Türkiye İnsan Hakları Vakfı’nın (TİHV) Çalışma Raporu’nda, Mayıs 2023 - Nisan 2024 arasındaki insan haklarının durumuna yönelik veriler ve değerlendirmeler yer alıyor.
Raporla ilgili ilk gün “İşkence ve Diğer Kötü Muamele Uygulamaları”, ikinci gün de hapishanelerdeki duruma dair değerlendirmeleri yayımladık. Bugün de insan haklarının genel durumuna dair bölümü yayımlıyoruz.
TİHV ÇALIŞMA RAPORUNDAN HAK İHLALLERİ - 1
“Gözaltı araçları, resmi işkence mekânına dönüştü”
TİHV ÇALIŞMA RAPORUNDAN HAK İHLALLERİ - 2
“Yeni hapishaneler ile izolasyon koşulları daha da ağırlaştı”
İnsan hakları rejiminin mevcut krizinin ulaştığı boyut
Öncelikle son aylarda özel olarak Gazze’de yaşanan/yaşanmakta olan ve her insanın onurunu ve değerini tamamen hiçe sayan ağır/ciddi insan hakları ihlallerinin her birimiz için derin bir utanç kaynağı olduğunu ifade etmek isteriz.
Yakın tarihte ilk kez bir devlet temsilcisi (İsrail Savunma Bakanı Yoav Gallant) kabul edilemeyecek “İnsansı hayvanlarla savaşıyoruz” ifadesini kullanarak, 2 milyon 300 bin insanın yaşadığı Gazze’yi — gıda, su, elektrik ve yakıt ambargosunu da içine alacak biçimde — tamamen abluka altına alacaklarını söyleme cüreti gösterdi. Ve insanın sahip olduğu onur ve değeri bütünüyle yok sayan böylesine bir yaklaşımın ne anlam ifade ettiği aylardır her gün yeniden ve yeniden tüm dünyanın tanıklığında yaşanıyor.
Açıkça belirtmek gerekir ki, böylesine bir abluka ve saldırganlığın, Hamas’ın sivilleri de hedef alan kabul edilemez vahşi eylemleri de dahil, hiçbir gerekçesi olamaz.

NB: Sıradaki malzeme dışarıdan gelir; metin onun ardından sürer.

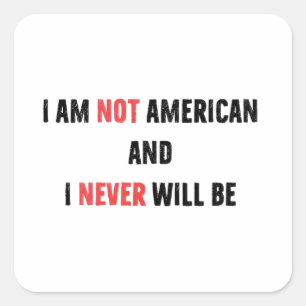 Sticker Carré Je ne suis pas Américain et je ne serai jamais Can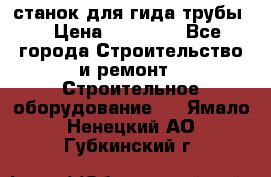 станок для гида трубы  › Цена ­ 30 000 - Все города Строительство и ремонт » Строительное оборудование   . Ямало-Ненецкий АО,Губкинский г.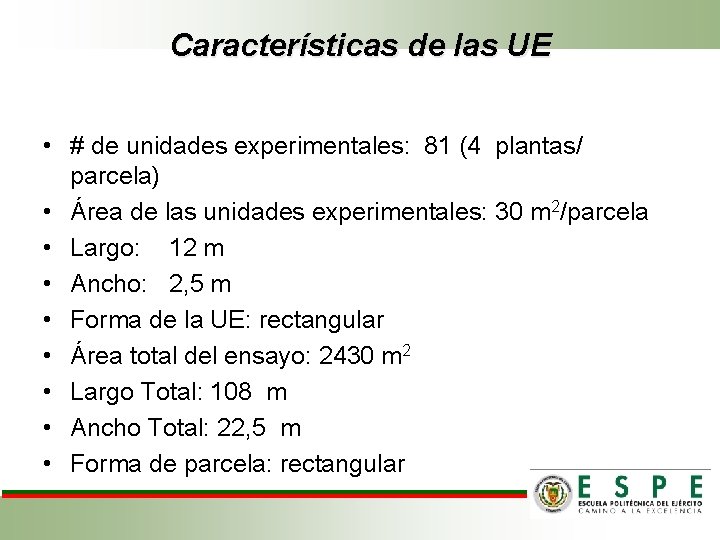 Características de las UE • # de unidades experimentales: 81 (4 plantas/ parcela) •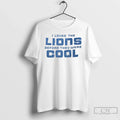 Classic I Loved Lions Before They Were Cool
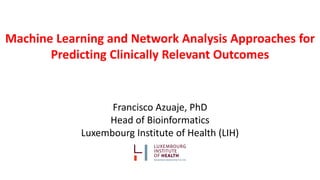 Machine Learning and Network Analysis Approaches for
Predicting Clinically Relevant Outcomes
Francisco Azuaje, PhD
Head of Bioinformatics
Luxembourg Institute of Health (LIH)
 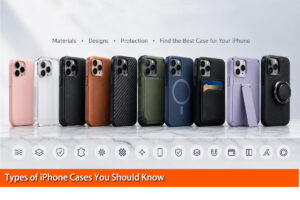 Types of iPhone Cases You Should Know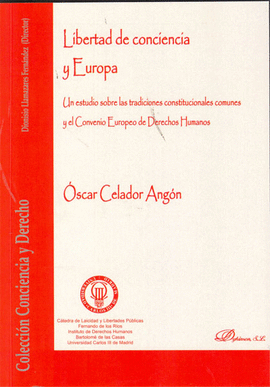 LIBERTAD DE CONCIENCIA Y EUROPA - UN ESTUDIO SOBRE LAS TRADICIONES CONSTITUCIONALES COMUNES Y EL CON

Her birisi biricik olan insanların acılarının derhal son bulmasına yönelik çabaların öncelikle ihtiyaç olduğunu her zaman göz önünde tutmak kaydı ile bu sürecin aynı zamanda uluslararası insan hakları rejiminin ne denli tahrip olduğunun somut bir göstergesidir.
Uluslararası insan hakları rejiminin küresel ölçekte giderek derinleşen bir kriz içinde bulunduğu son yıllarda sıkça dillendiriyoruz. Çeşitli yayınlarımızda da yer verdiğimiz gibi söz konusu krizin birbiriyle yakından ilgili üç veçhesi olduğunu söylemek mümkün.
i. Devletlerin, neredeyse dünya genelinde, evrensel insan hakları normlarını bağlayıcı bir çerçeve olarak görmekten hızla uzaklaştığı bir dönemdeyiz. Devletler ortaklık inşasına katkı sunan yapılar olmaktan ziyade toplumsal ortaklıkları çözen yapılar olarak hareket ediyorlar. Devletlerin özellikle demokrasi ve hukuk taahhüdünden giderek uzaklaşmaları, insanlığın en önemli kazanımlarından birisi olan insan haklarının hem bir referans sistemi hem de bir denetim mekanizması olarak zayıflamasına yol açıyor.
Bu durum, aynı zamanda, İkinci Dünya Savaşı sonrasında tesis edildiği biçimiyle küresel insan hakları rejimini ayakta tutan siyasi iradenin çözülmekte olduğuna işaret ediyor.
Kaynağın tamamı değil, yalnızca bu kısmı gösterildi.